• _Provided data_

══════

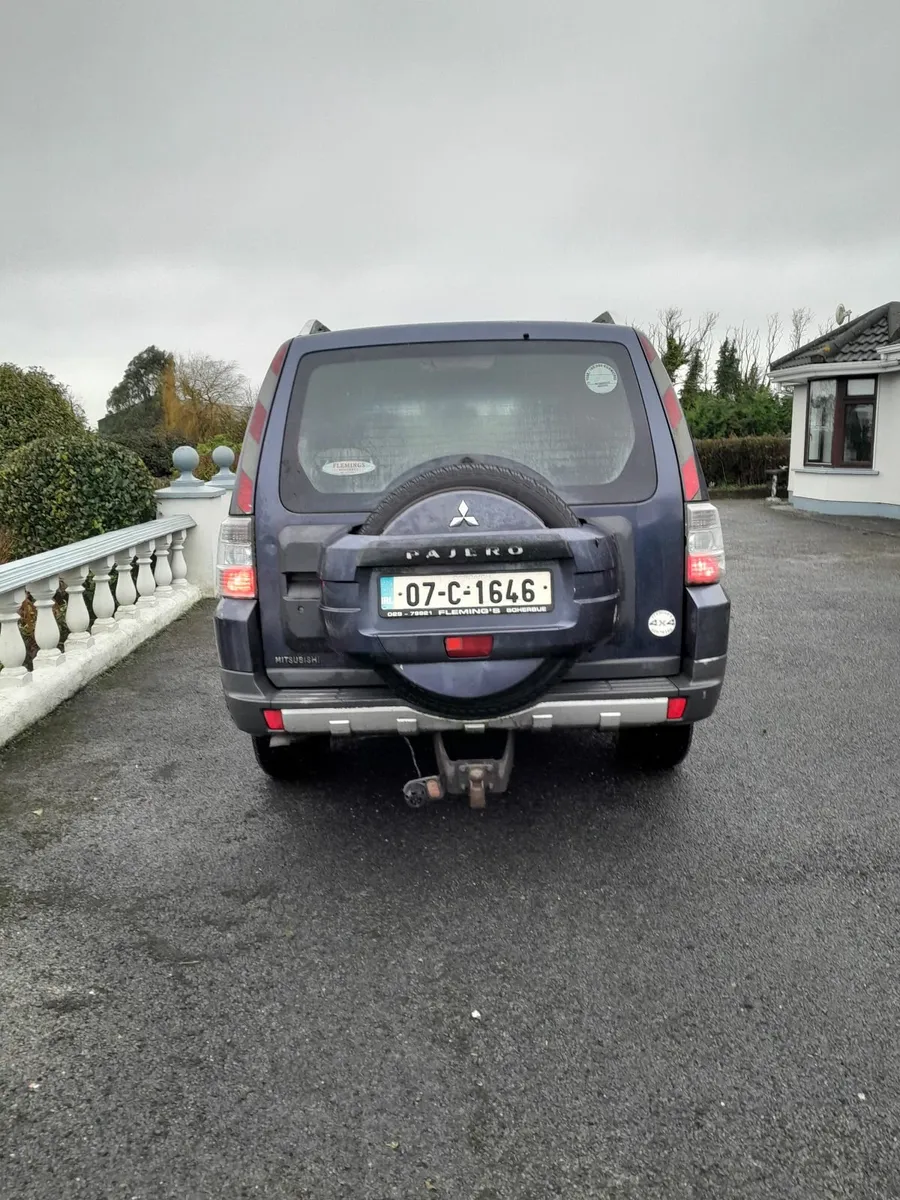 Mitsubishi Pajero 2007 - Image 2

══════

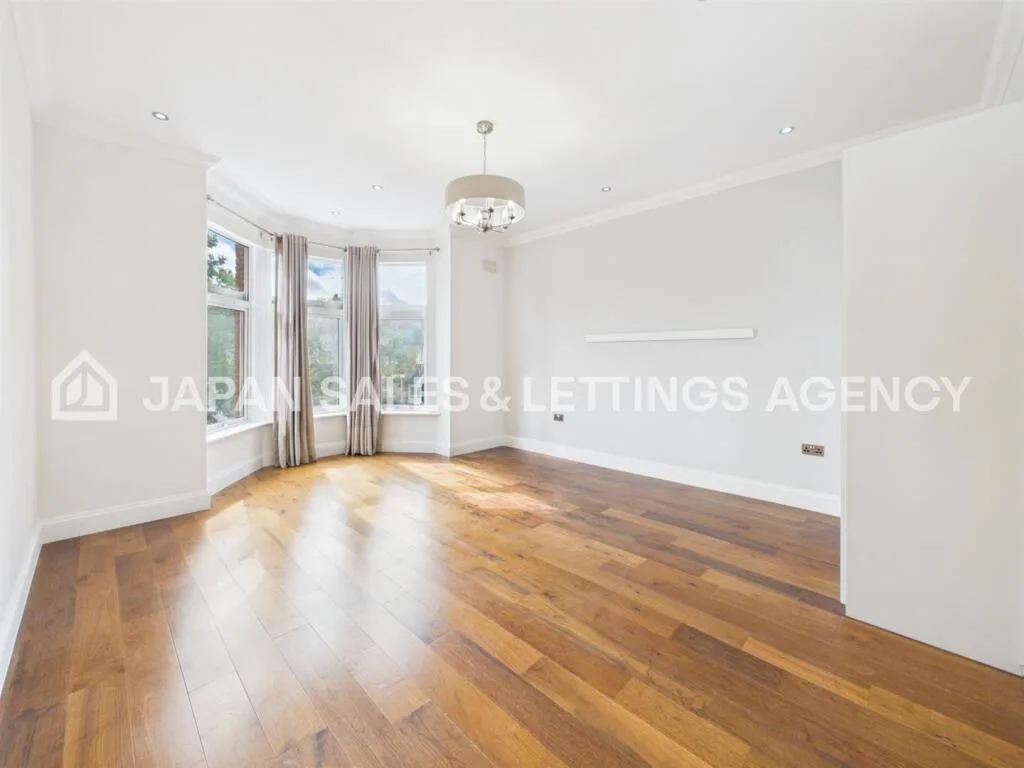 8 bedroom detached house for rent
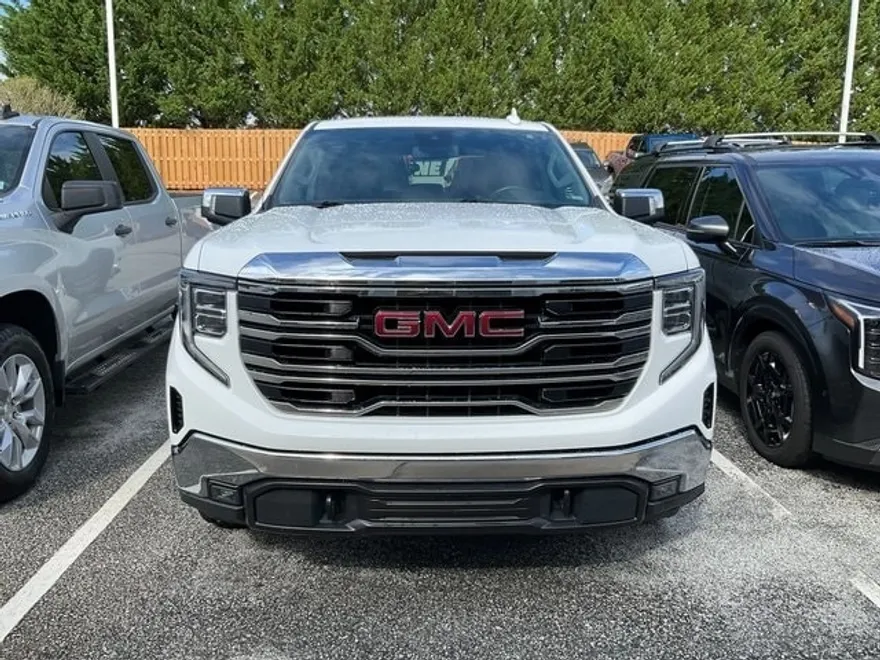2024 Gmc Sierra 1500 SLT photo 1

══════

• _Exercise objective_
Among the lines above, the one with "8 bedroom detached house for rent" opens the part to repeat and the one with "2024 Gmc Sierra 1500 SLT photo 1" closes it; repeat only that part exactly, with no pictures.

• _Solution to the problem_
 8 bedroom detached house for rent
2024 Gmc Sierra 1500 SLT photo 1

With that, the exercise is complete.